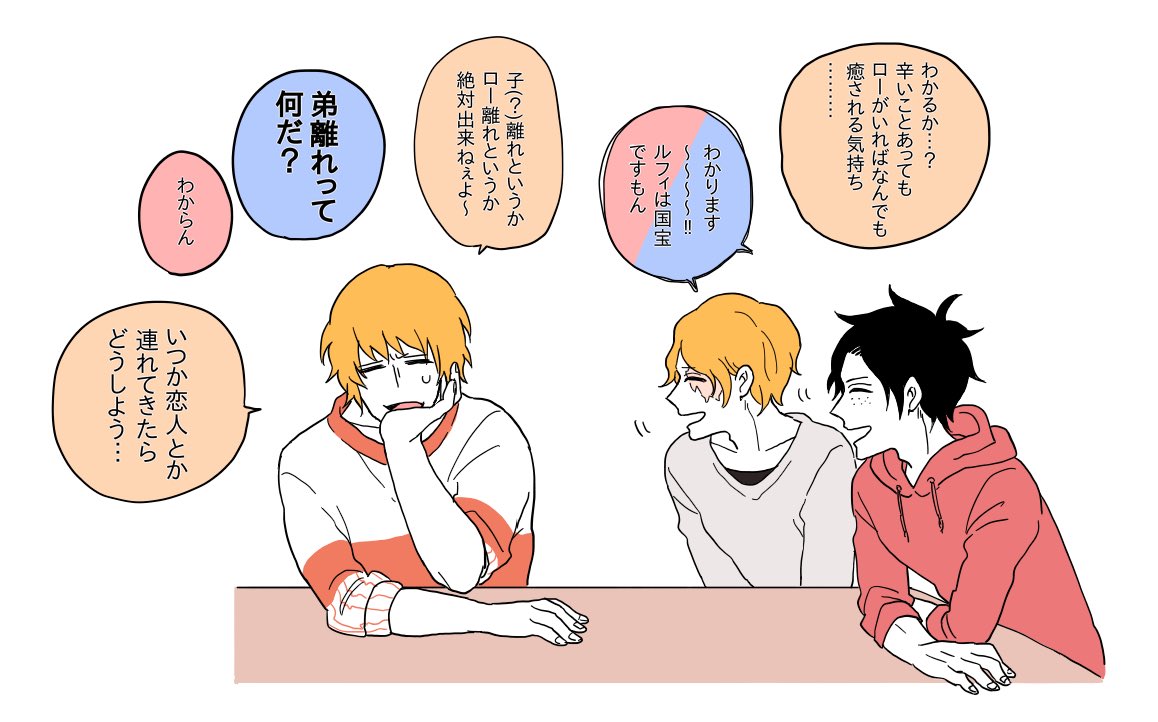 火野 コラさんとローくんとasl ドフラミンゴ襲来 T Co S4sarrtx74 Twitter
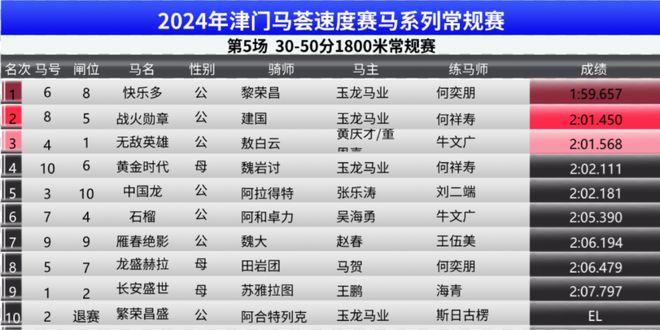賽馬會精選四肖八碼，傳統競技與現代科技的完美結合，賽馬會四肖八碼精選，傳統競技與現代科技的融合之美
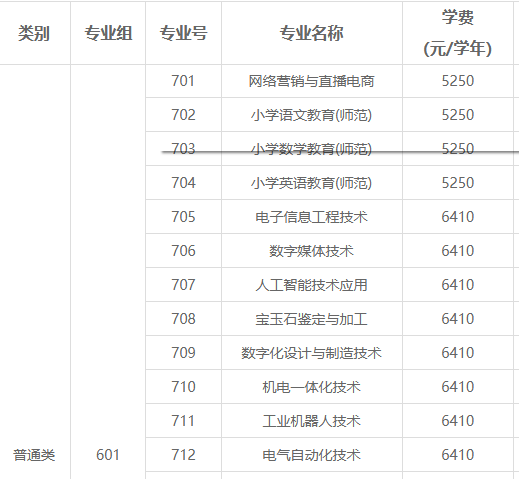 揭阳职业技术学院 | 2026年&ldquo;依学考录取&rdquo;招生计划表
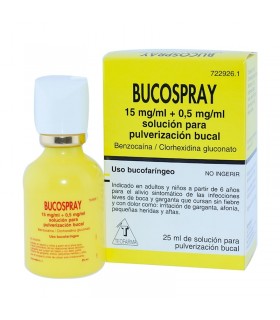 Bucospray Aerosol Tópico 25 ML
━━━━━━━━━━━━━━━━━━━━
**TASK REQUIREMENTS:** Could you copy the lines above exactly and skip the images?

**WRITTEN REPLY:**
 火野 コラさんとローくんとasl ドフラミンゴ襲来 T Co S4sarrtx74 Twitter
賽馬會精選四肖八碼，傳統競技與現代科技的完美結合，賽馬會四肖八碼精選，傳統競技與現代科技的融合之美
 揭阳职业技术学院 | 2026年&ldquo;依学考录取&rdquo;招生计划表
 Bucospray Aerosol Tópico 25 ML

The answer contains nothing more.